--- Input Enclosed Below ---

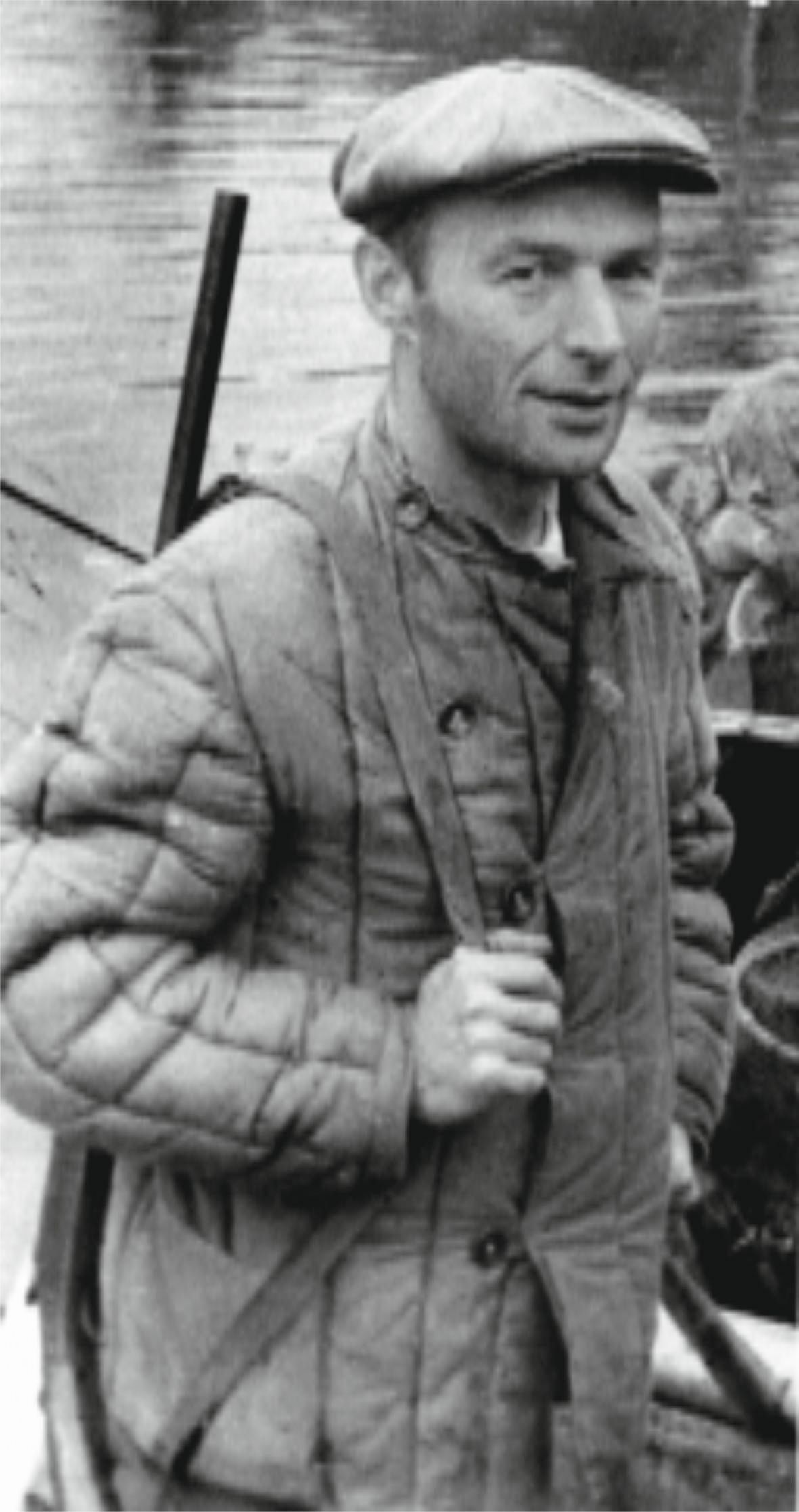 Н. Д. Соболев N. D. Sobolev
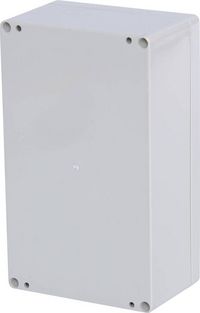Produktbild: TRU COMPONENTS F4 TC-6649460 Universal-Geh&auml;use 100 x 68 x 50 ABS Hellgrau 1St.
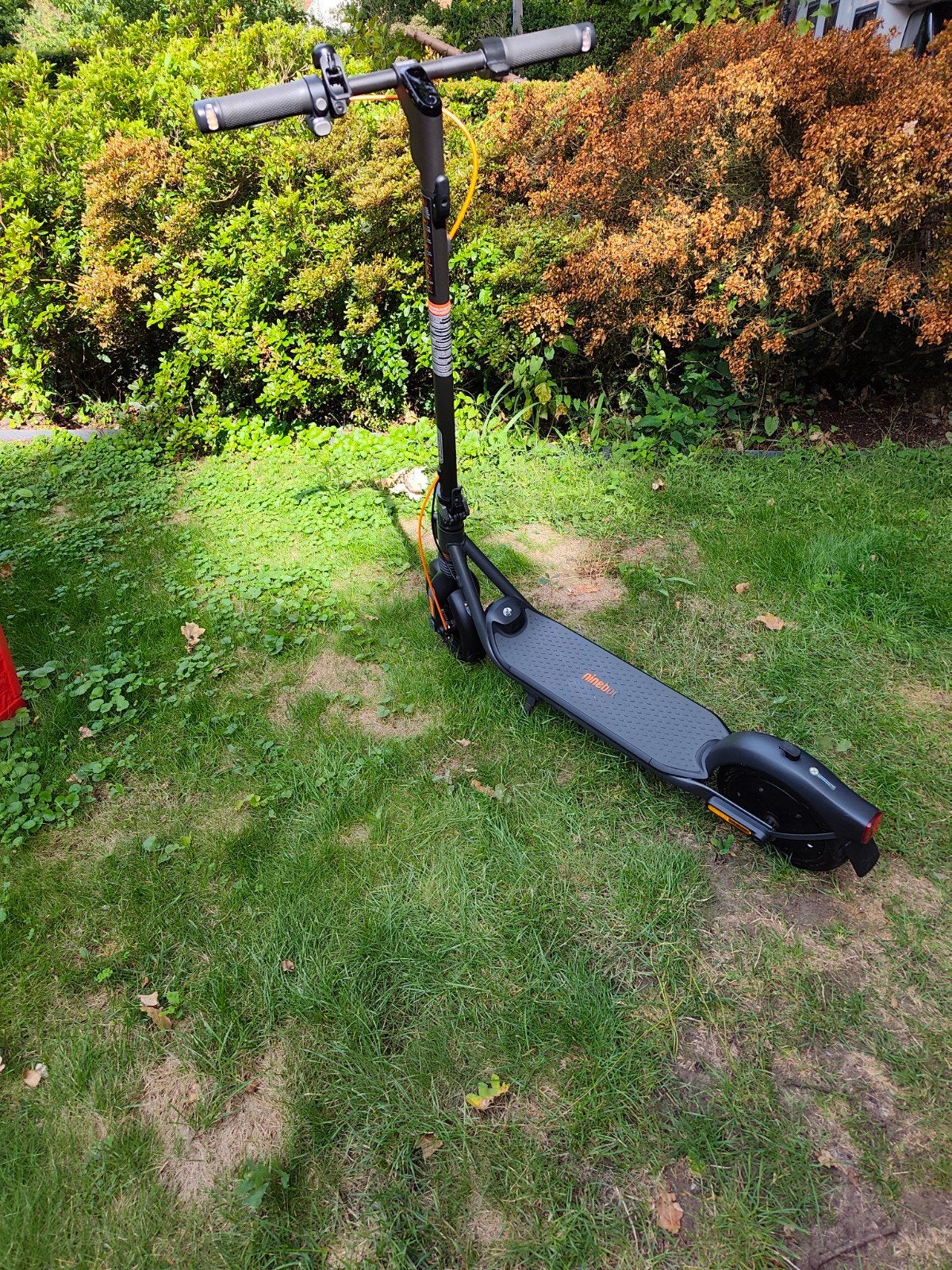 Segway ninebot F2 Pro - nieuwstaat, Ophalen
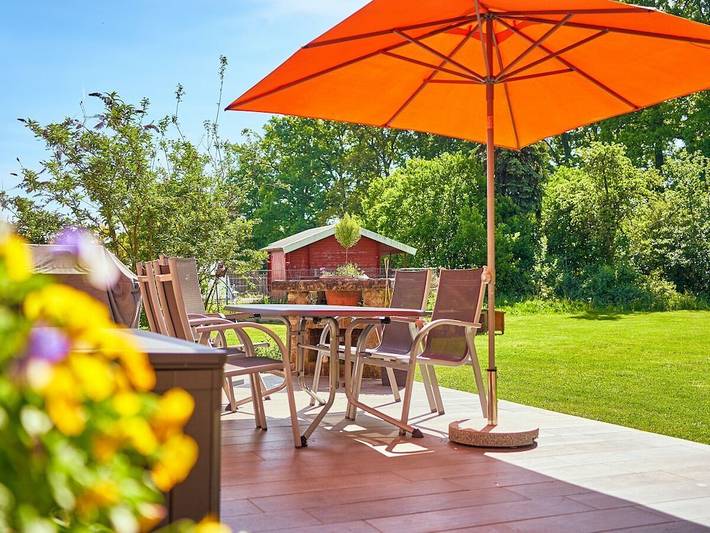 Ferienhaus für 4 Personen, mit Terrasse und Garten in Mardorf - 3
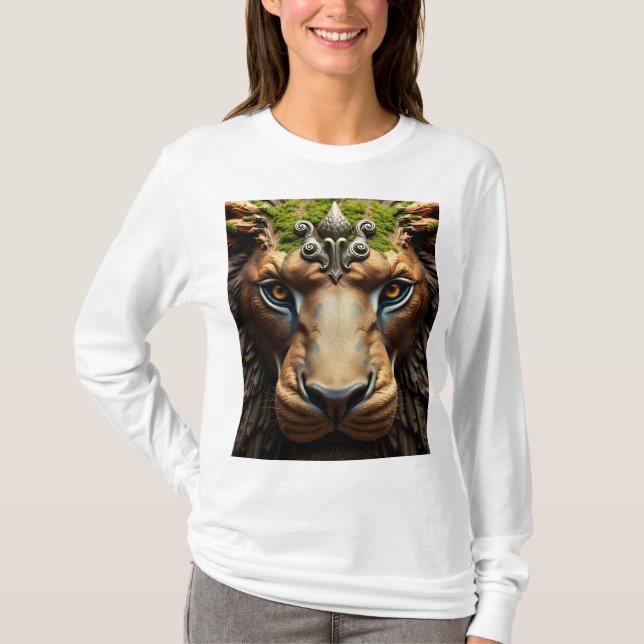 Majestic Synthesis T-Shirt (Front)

--- End of Enclosed Input ---

(How to complete this task) Images in the records must not be repeated; everything else should be returned exactly.

(Response to the task)
 Н. Д. Соболев N. D. Sobolev
Produktbild: TRU COMPONENTS F4 TC-6649460 Universal-Geh&auml;use 100 x 68 x 50 ABS Hellgrau 1St.
 Segway ninebot F2 Pro - nieuwstaat, Ophalen
 Ferienhaus für 4 Personen, mit Terrasse und Garten in Mardorf - 3
 Majestic Synthesis T-Shirt (Front)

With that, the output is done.